Archives provide digital access to local history columns

The Wellington County Local History Articles Digitization Project was launched on April 7 at the Wellington County Museum and Archives. The project will allow access to local Wellington County history by keyword search of Newspaper articles written by local authors including:

– Stephen Thorning’s, Valuing Our History and Timelines;

– Pat Mestern’s, Looking Back; and

Mapleton Musings by members of the Mapleton Historical Society.

Archivist Karen Wagner said about 800 articles have been digitized and catalogued through the project, with the assistance of a number of volunteers.

Up until now, said Wagner, anyone wishing to access the history columns through the archives had to visit the facility and read them on microfilm or the actual Newspapers collected at the museum.

“The archives has been working hard to make our collections more accessible to the public and technology is allowing us to do that.”

The digital archives make it possible for people to access the material through their home computers.

The local history columns are the latest digitization project for the archives, which has already placed the Tweedsmuir history books compiled by area Women’s Institutes and a series of essays and journals from the Wellington County Historical Society online.

The history column collection includes:

– Thorning’s Valuing Our History which ran from 1990 to 1994 in the Elora Sentinel, from 1995 to 98 in the Fergus-Elora News Express and the Wellington Advertiser from 1998 to the present and Timelines which was published in the Community News from 2001 to 2008;

– Pat Mestern`s, Looking Back, which focusses on Centre Wellington and has appeared since 1990 in the News Express; and

Mapleton Musings, written by Jean Campbell and various members of the Mapleton Historical Society, which has appeared in the Community News since 2006.

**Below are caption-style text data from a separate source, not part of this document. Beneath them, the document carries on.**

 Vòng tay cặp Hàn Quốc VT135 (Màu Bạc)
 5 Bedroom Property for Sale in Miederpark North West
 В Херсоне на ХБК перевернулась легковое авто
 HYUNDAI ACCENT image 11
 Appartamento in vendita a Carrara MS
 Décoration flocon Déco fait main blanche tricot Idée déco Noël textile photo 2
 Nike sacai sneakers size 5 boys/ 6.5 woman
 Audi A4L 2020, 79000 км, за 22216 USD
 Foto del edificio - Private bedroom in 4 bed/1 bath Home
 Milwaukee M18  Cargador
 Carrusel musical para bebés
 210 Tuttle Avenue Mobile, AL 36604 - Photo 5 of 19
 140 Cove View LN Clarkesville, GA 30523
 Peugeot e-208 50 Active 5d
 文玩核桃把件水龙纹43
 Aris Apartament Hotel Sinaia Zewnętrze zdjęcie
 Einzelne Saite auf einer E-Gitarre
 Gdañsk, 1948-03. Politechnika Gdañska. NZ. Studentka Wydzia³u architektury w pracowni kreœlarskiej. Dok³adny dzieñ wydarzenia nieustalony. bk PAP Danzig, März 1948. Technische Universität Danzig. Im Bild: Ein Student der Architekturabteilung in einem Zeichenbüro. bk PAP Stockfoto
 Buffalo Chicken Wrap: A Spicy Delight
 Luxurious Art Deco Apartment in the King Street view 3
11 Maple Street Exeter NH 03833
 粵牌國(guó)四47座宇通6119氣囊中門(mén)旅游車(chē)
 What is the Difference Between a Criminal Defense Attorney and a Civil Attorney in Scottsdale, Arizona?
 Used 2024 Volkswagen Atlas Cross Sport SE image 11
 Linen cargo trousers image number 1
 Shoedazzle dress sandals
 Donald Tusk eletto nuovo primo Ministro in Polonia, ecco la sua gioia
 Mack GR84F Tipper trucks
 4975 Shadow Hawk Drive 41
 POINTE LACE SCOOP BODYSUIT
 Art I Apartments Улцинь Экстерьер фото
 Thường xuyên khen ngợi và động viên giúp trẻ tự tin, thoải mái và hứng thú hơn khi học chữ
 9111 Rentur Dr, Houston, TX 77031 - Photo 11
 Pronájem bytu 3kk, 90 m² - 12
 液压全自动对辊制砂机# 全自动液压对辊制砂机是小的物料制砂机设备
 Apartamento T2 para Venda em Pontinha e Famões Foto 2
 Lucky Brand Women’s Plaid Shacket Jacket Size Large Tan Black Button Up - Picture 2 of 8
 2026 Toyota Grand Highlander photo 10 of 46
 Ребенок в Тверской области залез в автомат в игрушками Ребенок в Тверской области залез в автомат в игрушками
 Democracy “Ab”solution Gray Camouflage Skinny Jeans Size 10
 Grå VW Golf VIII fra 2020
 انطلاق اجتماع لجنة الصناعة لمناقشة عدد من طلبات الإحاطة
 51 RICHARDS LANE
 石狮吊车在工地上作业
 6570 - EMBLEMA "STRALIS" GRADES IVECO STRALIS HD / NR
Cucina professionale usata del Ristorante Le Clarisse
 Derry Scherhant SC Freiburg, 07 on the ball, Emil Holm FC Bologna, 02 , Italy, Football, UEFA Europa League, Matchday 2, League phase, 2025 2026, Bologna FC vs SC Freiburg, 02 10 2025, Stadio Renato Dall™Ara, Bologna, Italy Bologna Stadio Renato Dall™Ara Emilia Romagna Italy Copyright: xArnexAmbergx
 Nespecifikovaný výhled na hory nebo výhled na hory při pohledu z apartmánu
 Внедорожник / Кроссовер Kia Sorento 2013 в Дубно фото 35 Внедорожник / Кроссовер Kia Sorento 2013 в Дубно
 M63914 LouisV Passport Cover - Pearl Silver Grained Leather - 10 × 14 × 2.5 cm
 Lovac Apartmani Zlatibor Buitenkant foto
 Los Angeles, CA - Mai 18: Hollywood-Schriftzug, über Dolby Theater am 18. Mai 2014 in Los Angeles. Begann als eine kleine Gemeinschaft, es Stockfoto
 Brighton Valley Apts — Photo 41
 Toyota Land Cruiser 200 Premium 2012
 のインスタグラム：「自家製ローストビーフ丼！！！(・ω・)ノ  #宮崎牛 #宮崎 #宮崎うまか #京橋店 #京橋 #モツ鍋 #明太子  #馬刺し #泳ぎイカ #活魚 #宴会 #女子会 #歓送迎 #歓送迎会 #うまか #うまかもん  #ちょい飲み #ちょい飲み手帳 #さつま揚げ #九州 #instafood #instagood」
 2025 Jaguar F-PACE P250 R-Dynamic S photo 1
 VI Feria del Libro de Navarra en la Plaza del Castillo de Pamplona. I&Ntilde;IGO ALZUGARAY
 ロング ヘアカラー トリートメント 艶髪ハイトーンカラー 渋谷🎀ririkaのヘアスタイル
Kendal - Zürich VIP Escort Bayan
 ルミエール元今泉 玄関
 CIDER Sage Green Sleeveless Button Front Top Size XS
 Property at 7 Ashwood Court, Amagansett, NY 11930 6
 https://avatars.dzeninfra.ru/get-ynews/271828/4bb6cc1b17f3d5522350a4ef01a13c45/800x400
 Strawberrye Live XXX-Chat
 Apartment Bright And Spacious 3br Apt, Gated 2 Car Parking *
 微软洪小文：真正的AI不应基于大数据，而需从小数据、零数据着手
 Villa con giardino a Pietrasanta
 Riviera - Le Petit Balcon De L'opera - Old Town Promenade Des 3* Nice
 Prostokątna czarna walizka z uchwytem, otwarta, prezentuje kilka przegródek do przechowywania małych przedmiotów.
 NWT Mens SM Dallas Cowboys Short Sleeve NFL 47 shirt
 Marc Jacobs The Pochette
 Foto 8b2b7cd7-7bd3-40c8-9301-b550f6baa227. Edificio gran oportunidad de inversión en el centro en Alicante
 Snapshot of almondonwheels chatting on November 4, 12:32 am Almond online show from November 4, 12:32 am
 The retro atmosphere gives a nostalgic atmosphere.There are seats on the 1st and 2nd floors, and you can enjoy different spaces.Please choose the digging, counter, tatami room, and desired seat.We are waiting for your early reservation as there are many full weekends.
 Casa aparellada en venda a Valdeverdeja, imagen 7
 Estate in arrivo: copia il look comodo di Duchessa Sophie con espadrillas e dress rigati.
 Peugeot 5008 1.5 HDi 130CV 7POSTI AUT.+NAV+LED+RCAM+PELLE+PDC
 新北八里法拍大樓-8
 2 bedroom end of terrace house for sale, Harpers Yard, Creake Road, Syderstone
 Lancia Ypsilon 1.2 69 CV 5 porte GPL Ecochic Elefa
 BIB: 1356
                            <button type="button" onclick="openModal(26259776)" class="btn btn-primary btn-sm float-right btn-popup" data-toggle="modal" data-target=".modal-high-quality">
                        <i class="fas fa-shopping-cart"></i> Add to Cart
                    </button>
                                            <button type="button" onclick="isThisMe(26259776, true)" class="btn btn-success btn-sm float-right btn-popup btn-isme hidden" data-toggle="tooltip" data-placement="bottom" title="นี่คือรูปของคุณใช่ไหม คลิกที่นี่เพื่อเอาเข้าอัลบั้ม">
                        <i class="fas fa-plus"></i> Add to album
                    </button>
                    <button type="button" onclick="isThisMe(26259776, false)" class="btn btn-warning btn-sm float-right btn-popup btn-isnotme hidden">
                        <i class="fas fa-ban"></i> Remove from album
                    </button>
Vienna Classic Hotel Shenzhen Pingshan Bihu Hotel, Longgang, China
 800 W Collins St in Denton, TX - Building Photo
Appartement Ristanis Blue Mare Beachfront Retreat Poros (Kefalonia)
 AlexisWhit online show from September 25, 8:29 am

While some of the columns were supplied in digital form by the authors, Wagner said about half of them had to be scanned and converted to text format through Optical Character Recognition technology. Either way, she noted, the columns were carefully proofread to ensure the online version matches the printed articles word for word.

“It’s terrific that all this material will be online and I’m probably going to be one of the major users of it,” said Thorning, who estimates he’s generated about 1.5 million words on local history since he began writing the columns 24 years ago.

“So please go home and do some research, and read some great articles,” Wagner urged at the launch.